• _WORK ORDER_
Every line from the one holding "Autos - Renault" through the final line of the entries is to be reproduced exactly, and no other line.

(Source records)

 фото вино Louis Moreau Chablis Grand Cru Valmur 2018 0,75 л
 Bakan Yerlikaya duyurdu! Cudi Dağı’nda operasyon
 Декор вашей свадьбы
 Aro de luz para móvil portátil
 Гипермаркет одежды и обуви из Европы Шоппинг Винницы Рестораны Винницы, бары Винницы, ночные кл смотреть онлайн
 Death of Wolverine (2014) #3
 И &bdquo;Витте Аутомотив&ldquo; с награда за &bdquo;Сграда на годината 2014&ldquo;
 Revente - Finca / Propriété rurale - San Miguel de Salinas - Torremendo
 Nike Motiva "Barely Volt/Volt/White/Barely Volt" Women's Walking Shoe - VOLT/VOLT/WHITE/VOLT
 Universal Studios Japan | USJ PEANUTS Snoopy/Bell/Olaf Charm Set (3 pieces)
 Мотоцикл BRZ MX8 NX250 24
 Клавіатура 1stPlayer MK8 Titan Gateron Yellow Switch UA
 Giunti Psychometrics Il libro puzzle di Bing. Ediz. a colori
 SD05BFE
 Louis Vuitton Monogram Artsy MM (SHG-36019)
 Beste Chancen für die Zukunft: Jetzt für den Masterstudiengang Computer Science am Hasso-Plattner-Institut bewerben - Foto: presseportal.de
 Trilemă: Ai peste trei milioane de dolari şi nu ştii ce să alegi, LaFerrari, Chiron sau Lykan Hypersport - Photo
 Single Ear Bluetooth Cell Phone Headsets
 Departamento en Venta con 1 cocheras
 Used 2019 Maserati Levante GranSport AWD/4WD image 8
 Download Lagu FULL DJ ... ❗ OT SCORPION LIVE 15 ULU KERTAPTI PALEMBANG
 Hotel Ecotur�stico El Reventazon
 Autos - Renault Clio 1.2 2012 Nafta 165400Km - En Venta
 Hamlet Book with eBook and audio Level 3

• _ANSWER SECTION_
 Autos - Renault Clio 1.2 2012 Nafta 165400Km - En Venta
 Hamlet Book with eBook and audio Level 3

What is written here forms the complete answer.